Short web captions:
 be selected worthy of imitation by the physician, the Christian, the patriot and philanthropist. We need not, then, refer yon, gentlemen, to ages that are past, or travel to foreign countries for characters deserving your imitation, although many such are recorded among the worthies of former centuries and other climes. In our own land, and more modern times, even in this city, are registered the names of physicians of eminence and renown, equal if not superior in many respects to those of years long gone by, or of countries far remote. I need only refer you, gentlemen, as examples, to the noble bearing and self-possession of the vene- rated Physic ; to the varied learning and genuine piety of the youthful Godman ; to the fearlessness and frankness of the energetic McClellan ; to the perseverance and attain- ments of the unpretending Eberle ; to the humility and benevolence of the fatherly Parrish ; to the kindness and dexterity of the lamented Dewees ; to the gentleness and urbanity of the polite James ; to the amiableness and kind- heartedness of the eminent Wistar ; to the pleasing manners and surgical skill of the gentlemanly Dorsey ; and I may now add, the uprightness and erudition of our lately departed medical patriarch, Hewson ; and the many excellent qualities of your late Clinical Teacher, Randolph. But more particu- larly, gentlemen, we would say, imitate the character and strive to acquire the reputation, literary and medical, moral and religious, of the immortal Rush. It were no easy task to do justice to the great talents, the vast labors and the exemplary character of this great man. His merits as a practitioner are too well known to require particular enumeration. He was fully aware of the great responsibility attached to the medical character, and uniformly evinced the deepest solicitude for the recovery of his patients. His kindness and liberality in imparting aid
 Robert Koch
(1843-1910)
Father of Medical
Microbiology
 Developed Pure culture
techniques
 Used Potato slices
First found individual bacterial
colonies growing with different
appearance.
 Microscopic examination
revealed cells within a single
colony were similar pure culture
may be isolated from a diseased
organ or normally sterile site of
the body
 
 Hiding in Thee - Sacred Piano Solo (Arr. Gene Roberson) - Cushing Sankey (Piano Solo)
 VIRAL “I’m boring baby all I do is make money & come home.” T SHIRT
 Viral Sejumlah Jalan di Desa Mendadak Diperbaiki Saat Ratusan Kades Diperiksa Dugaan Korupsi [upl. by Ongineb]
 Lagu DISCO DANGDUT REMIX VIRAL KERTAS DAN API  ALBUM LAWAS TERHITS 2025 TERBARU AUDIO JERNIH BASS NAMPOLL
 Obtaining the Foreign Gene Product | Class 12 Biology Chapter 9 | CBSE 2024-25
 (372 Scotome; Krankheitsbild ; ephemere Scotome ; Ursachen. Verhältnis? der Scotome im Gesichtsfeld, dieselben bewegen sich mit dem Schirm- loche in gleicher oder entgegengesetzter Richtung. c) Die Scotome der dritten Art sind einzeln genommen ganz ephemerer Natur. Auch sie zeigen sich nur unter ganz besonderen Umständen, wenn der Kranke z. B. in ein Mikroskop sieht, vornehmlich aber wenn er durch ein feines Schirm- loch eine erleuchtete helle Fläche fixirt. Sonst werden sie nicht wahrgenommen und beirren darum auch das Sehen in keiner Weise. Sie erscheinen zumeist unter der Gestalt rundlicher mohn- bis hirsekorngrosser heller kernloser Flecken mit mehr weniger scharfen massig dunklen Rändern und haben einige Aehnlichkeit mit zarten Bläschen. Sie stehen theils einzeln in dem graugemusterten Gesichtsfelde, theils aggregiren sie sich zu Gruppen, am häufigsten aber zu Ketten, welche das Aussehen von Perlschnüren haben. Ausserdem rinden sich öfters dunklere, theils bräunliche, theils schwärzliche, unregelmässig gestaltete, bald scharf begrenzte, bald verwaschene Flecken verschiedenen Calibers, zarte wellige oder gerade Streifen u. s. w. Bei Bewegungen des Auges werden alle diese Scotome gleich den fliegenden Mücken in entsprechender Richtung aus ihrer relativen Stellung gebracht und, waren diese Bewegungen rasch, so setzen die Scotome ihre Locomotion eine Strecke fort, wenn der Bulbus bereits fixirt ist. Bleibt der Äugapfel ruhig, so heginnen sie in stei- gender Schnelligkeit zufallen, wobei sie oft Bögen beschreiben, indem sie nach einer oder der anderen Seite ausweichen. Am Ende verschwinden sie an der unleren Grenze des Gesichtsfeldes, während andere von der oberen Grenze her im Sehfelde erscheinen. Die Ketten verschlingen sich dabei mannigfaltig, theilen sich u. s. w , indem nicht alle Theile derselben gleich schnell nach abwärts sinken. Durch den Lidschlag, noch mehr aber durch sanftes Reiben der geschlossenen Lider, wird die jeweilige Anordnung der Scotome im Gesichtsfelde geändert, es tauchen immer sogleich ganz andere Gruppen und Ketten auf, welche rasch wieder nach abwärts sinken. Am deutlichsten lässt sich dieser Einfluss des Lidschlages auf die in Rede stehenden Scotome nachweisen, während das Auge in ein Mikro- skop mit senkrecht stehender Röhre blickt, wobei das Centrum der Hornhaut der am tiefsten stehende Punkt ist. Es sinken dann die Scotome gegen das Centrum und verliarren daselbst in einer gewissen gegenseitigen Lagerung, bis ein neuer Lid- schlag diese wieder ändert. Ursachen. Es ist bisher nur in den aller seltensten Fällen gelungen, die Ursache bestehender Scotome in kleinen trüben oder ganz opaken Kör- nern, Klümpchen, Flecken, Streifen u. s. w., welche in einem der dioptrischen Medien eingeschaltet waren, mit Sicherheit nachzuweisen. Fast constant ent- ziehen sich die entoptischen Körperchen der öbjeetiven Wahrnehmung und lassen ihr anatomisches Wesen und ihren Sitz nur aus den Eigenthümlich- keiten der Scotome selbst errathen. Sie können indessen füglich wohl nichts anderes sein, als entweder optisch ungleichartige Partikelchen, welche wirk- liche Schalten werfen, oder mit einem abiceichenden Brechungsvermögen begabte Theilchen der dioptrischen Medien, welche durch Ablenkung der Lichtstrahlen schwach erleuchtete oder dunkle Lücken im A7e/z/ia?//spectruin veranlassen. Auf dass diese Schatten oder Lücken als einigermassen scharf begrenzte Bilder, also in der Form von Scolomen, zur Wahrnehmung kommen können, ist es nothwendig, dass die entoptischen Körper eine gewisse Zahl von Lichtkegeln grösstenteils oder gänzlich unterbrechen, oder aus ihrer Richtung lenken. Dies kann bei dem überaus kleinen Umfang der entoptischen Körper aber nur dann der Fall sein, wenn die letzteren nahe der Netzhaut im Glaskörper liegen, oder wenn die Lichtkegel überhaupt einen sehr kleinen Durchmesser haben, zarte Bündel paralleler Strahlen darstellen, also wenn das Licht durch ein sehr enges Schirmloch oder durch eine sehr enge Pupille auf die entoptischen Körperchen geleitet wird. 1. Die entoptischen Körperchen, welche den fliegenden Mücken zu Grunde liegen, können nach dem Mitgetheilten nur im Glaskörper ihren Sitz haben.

> [Exercise requirements] Taking the lines above one at a time, give the number of them that contain the string "culture". Add nothing else.

> [Response box] 2